** Opening INPUT FOR THIS TASK block **
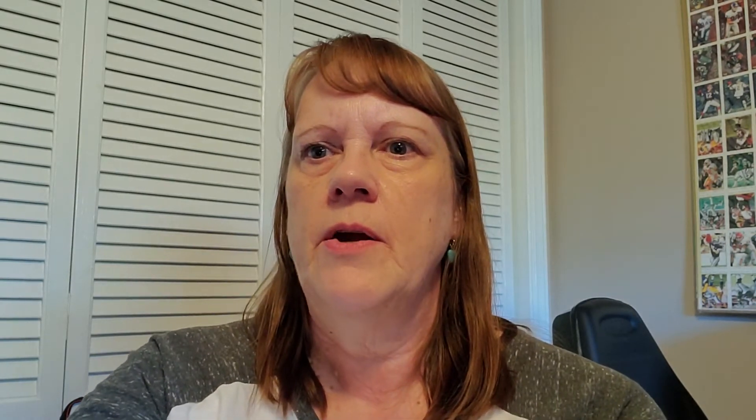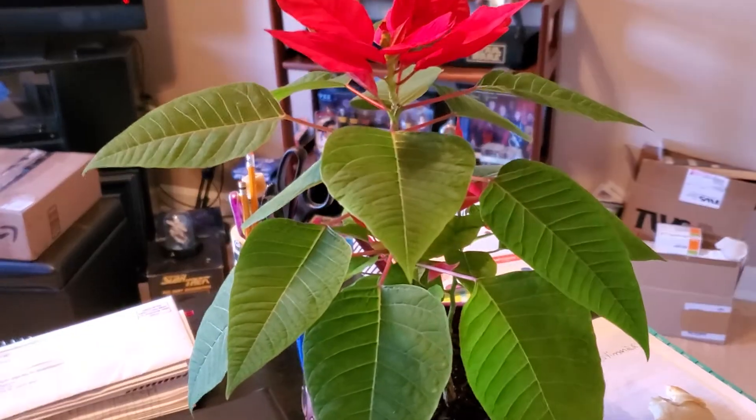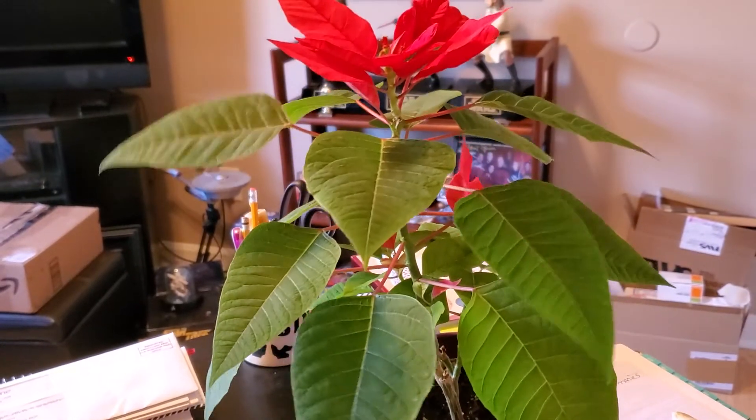Let me show you the one I did last year and how that turned out. Right there — you can see the beautiful bloom on the top. I had this from last year; it looked the same at the end of the season. But I got it to grow again and I got it to bloom again. So that's what we're going to work on.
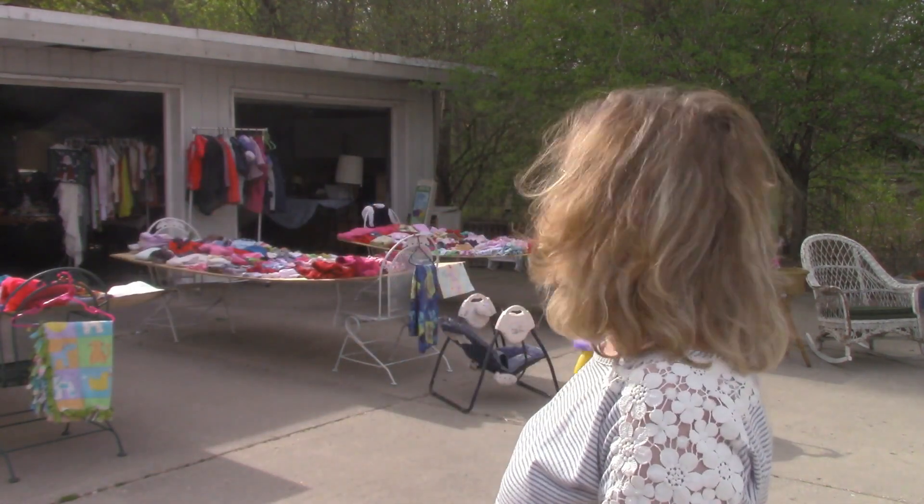Today we're having a garage sale. Look at all this great stuff I have to offer. I don't have a cash register. How am I going to know how much change to give customers when they give me more money than what their items cost? Stick around and I'll teach you how.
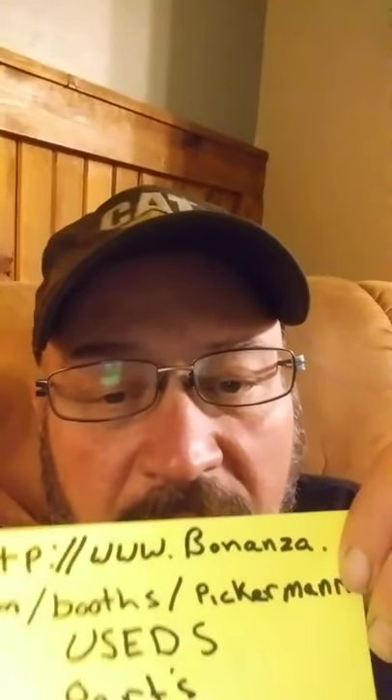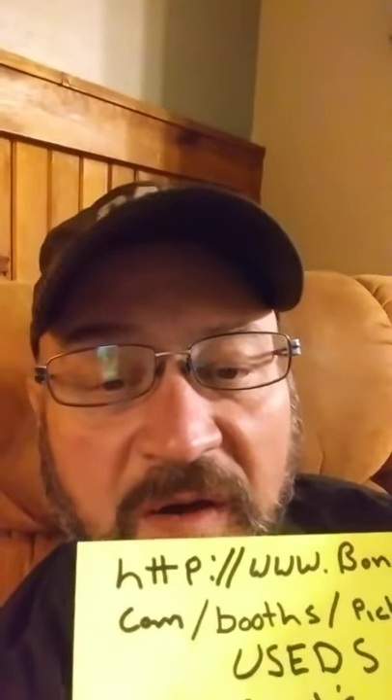I was very energetic yesterday, as you can notice, but today not so much — it's been a long, kind of chilly day. Anyways, like and subscribe. Go to www.bonanza.com/booths/pickerman, and I'll have some more parts here soon. I'm just slowly but surely putting them on there. But thank you for watching, I'll have some more videos. Have a good night, thank you.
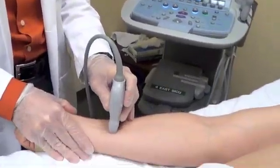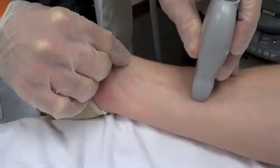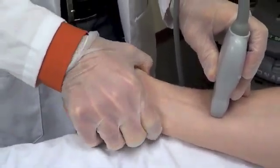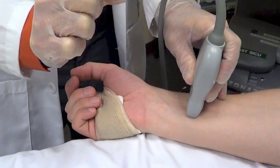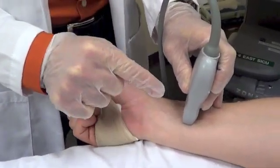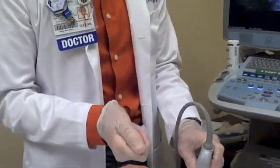The reason for going more proximal is that at the wrist flexure, the caliber of the vessel is smaller, and it's much more mobile simply because you're at a joint space. The second thing is that when radial cannulation is attempted without ultrasound, the vessel can actually spasm down, which makes advancing the catheter once cannulating the vessel with the needle very difficult.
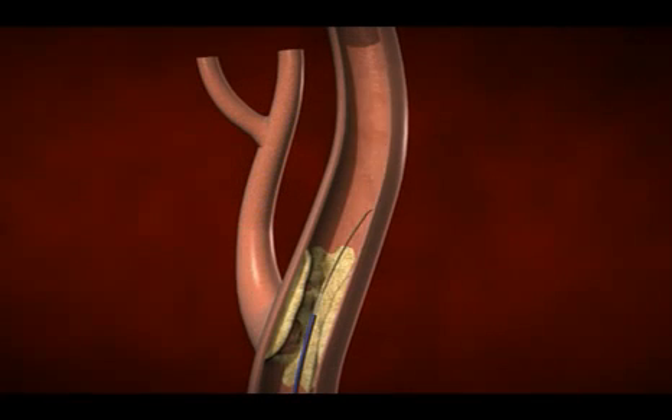The first step of the carotid stenting procedure is to place a filter in the carotid artery on the brain side of the carotid artery. That filter will still let blood continue to flow to the brain during the procedure, but if any particles break free during your intervention they'll get trapped in the filter.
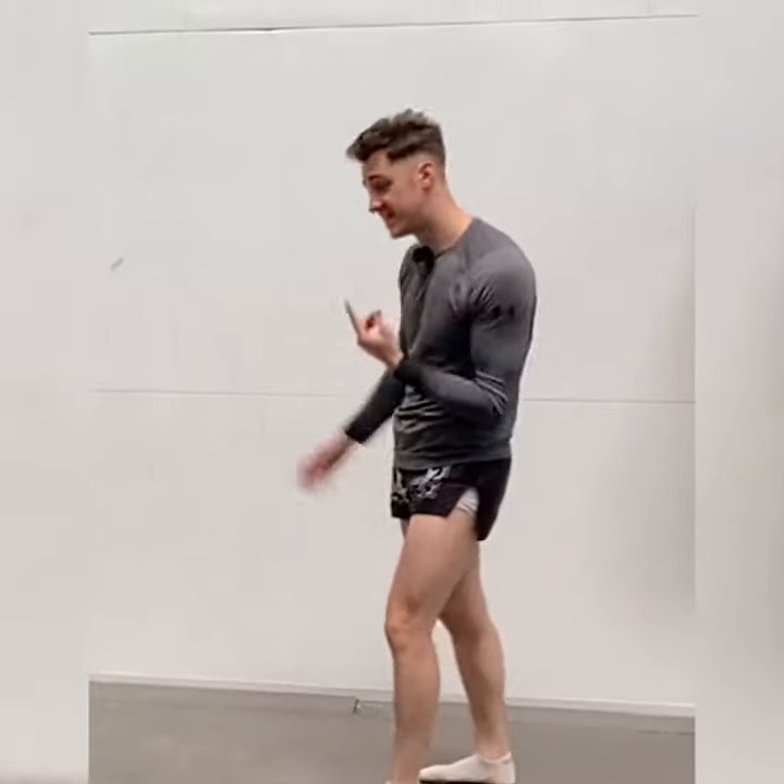One, up, two. The main thing that people do wrong with this is they jump up instead of forwards. The point of this kick is to push someone back, so we don't need upward momentum — that's not going to help us achieve what we're trying to do.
** Closing INPUT FOR THIS TASK block **
## WORK TASK:
Find the line with "Today we're having" in the data above, and from there retype each line exactly through the line with "I was very energetic", skipping the pictures along the way.

## ANSWER TO THIS EXERCISE:
Today we're having a garage sale. Look at all this great stuff I have to offer. I don't have a cash register. How am I going to know how much change to give customers when they give me more money than what their items cost? Stick around and I'll teach you how.
I was very energetic yesterday, as you can notice, but today not so much — it's been a long, kind of chilly day. Anyways, like and subscribe. Go to www.bonanza.com/booths/pickerman, and I'll have some more parts here soon. I'm just slowly but surely putting them on there. But thank you for watching, I'll have some more videos. Have a good night, thank you.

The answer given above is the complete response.